How close is Sydney to ending HIV? It depends on where you live
Sydney suburbs once ravaged by the AIDS epidemic are on the verge of becoming the first in the world to virtually eliminate HIV transmission, as public health efforts expand to the outer suburbs.
New HIV infections in Sydney postcodes with the highest proportion of gay men have dropped 88 per cent since 2010, new figures show, the most dramatic reduction in cases reported anywhere in the world.
A much smaller decline of 31 per cent in the outer suburbs of Sydney over the same period shows the success of HIV prevention campaigns has not been as effective in postcodes with a lower proportion of gay men, said Kirby Institute Professor Andrew Grulich, who will present the research at the International AIDS Society Conference in Brisbane this week.
“It is a real challenge for us now to build our prevention services outside the inner city and to work with more diverse communities,” he said. “That’s going to be a challenge, but the inner-city shows that it can be done.”

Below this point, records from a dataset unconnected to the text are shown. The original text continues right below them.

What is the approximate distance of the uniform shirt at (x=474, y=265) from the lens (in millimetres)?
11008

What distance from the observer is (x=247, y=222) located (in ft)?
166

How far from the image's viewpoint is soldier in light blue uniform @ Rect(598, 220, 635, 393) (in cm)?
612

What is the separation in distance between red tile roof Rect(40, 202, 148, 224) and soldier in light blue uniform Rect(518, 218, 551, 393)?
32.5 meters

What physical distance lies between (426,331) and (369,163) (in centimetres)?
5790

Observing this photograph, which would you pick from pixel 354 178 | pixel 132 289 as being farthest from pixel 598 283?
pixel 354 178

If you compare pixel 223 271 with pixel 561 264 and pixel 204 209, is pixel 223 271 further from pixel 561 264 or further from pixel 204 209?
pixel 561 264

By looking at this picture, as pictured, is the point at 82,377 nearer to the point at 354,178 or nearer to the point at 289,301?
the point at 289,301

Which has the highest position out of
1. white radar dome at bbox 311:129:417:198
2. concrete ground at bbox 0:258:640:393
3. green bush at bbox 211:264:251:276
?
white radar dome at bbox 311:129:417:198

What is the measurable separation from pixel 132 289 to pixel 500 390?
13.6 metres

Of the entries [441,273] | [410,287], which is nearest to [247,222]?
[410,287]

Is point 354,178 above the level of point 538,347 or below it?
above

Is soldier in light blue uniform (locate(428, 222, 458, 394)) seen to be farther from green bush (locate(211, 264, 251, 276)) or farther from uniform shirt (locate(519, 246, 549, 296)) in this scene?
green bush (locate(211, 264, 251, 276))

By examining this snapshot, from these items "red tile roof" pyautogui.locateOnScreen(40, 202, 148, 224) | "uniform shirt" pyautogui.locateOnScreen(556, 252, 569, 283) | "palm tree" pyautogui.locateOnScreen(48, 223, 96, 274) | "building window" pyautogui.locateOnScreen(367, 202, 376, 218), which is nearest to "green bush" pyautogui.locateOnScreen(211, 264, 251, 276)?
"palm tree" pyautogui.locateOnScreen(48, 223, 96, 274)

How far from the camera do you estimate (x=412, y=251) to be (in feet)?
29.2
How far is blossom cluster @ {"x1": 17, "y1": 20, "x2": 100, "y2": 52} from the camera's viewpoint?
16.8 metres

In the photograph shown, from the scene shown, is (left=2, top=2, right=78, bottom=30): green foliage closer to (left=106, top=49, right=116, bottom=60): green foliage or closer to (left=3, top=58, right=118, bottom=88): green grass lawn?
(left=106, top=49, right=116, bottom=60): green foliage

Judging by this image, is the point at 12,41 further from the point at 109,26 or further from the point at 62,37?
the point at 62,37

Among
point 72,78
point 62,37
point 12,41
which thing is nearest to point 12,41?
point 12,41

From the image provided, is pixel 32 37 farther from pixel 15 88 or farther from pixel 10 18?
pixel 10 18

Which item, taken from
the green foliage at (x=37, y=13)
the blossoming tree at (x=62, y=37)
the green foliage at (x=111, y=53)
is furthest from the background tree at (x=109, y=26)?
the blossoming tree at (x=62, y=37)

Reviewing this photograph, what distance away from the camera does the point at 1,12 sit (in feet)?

Former NSW Liberal health minister Jillian Skinner became an unlikely gay icon when she championed a trial introducing the pre-exposure prophylaxis medication known as PrEP in 2016.
Using PrEP reduces the risk of contracting HIV by 99 per cent, but uptake of the daily pill and regular HIV testing has not been as high in suburbs with a lower proportion of gay men, Grulich said.
ACON – the leading provider of homosexual health services in NSW – has increased efforts to expand its education and healthcare initiatives outside the inner city.
Director for HIV and sexual health, Matthew Vaughan, said the organisation was providing hundreds of testing kits at workshops in western Sydney which allow people to test discreetly at home.
“We can’t just pick up messages that we run in the inner city, we make sure that we’re working alongside communities because we know that the messages will be much more effective that way,” he said.
ACON offers booking and clinical services in multiple languages, and has translated its website into Thai and simplified Chinese, making it easier for more people to access tests and other prevention measures.
Nationwide figures, released by the Kirby Institute on Thursday, show rates of new HIV cases among recently arrived gay and bisexual men born overseas have stagnated since 2020.
Vaughan said Australia’s comparatively low HIV rates can lead to people arriving in Australia to drop their guard. Stigma remains an issue.
“If you’re coming from, for example, Indonesia, where being gay means you could be persecuted, you’re more likely to have a distrust of government and government services when you arrive in Australia,” he said.
Bill Bowtell, an adjunct professor at the University of NSW and a key government adviser during the AIDS epidemic of the 1980s, said the reduction in cases in the inner-city was a “remarkable achievement”, but Australia could not afford to be complacent.
“The great experience in Australia is effective, frank, targeted messaging to each of the communities at risk is the way to go,” he said. “We can’t say that the battle is won. What keeps that figure down, and what will keep it down into the future, is continual pressure, continual funding and continual active intervention with people at risk of infection.”